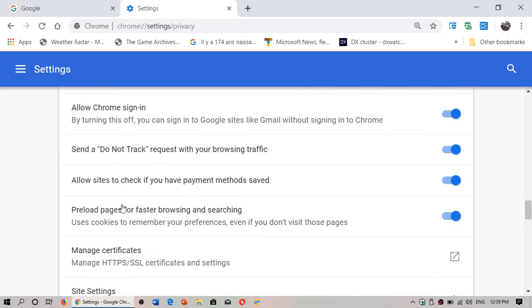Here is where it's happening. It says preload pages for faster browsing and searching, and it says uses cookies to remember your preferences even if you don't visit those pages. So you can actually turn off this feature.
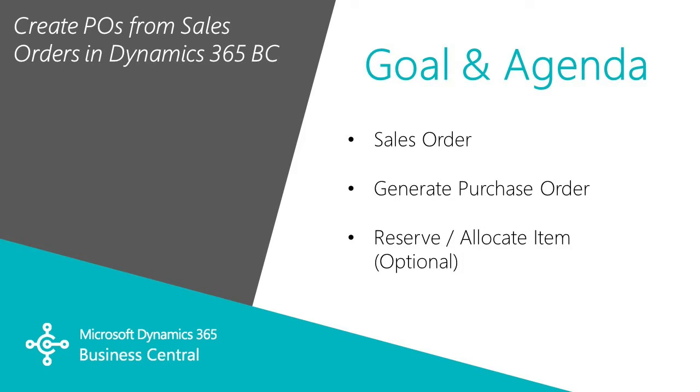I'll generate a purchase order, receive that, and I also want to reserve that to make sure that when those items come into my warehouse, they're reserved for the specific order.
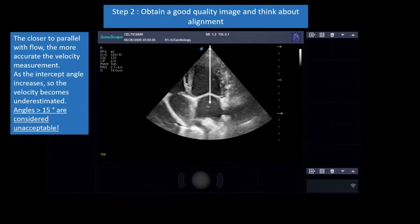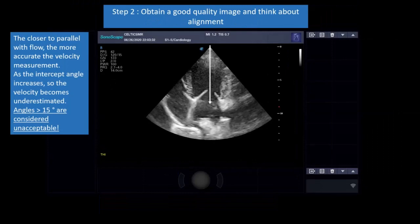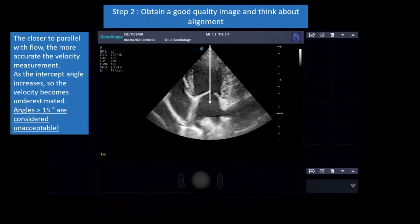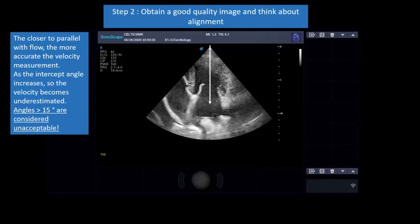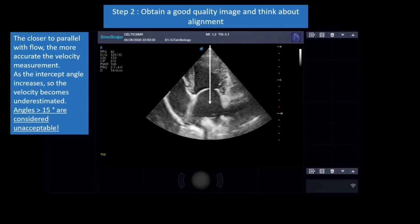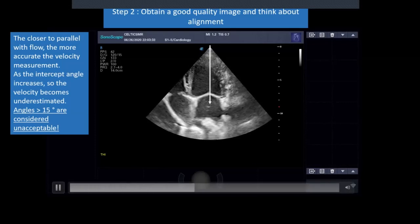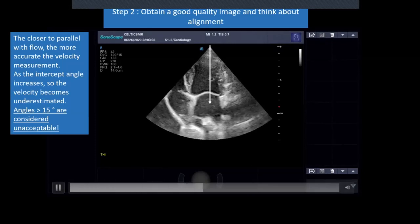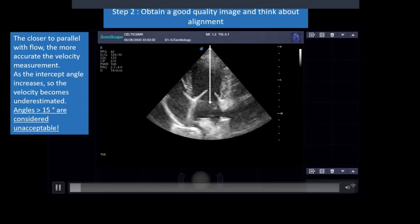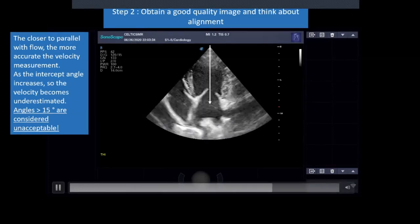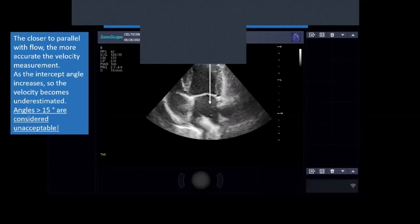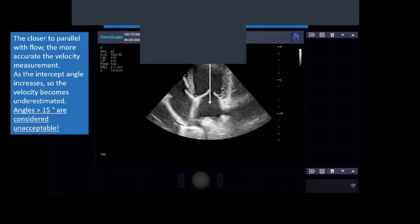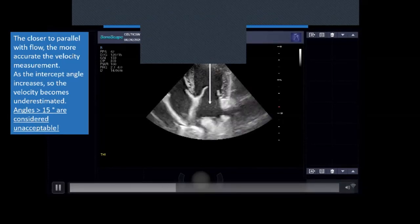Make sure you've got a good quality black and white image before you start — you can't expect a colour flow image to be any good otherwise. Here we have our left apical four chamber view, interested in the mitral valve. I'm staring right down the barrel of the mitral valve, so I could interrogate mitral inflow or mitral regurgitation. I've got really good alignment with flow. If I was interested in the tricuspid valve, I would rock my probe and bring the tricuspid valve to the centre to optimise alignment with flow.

===============

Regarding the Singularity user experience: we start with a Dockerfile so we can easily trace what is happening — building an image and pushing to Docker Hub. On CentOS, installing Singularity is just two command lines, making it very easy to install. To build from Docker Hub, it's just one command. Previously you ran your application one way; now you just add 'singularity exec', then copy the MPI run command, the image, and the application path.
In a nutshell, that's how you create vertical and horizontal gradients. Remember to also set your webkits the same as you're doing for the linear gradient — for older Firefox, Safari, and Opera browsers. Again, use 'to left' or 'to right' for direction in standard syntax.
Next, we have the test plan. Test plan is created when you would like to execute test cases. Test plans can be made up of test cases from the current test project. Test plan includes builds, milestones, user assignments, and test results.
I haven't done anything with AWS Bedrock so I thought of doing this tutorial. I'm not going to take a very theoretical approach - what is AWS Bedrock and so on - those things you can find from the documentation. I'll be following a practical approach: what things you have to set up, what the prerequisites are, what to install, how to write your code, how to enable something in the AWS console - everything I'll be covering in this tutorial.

===============

> [What this task involves]
Would you copy, word for word, only the lines above from the one containing "Here is where" through the one containing "I'll generate a", both included, and please leave out the pictures?

> [Answer section]
Here is where it's happening. It says preload pages for faster browsing and searching, and it says uses cookies to remember your preferences even if you don't visit those pages. So you can actually turn off this feature.
I'll generate a purchase order, receive that, and I also want to reserve that to make sure that when those items come into my warehouse, they're reserved for the specific order.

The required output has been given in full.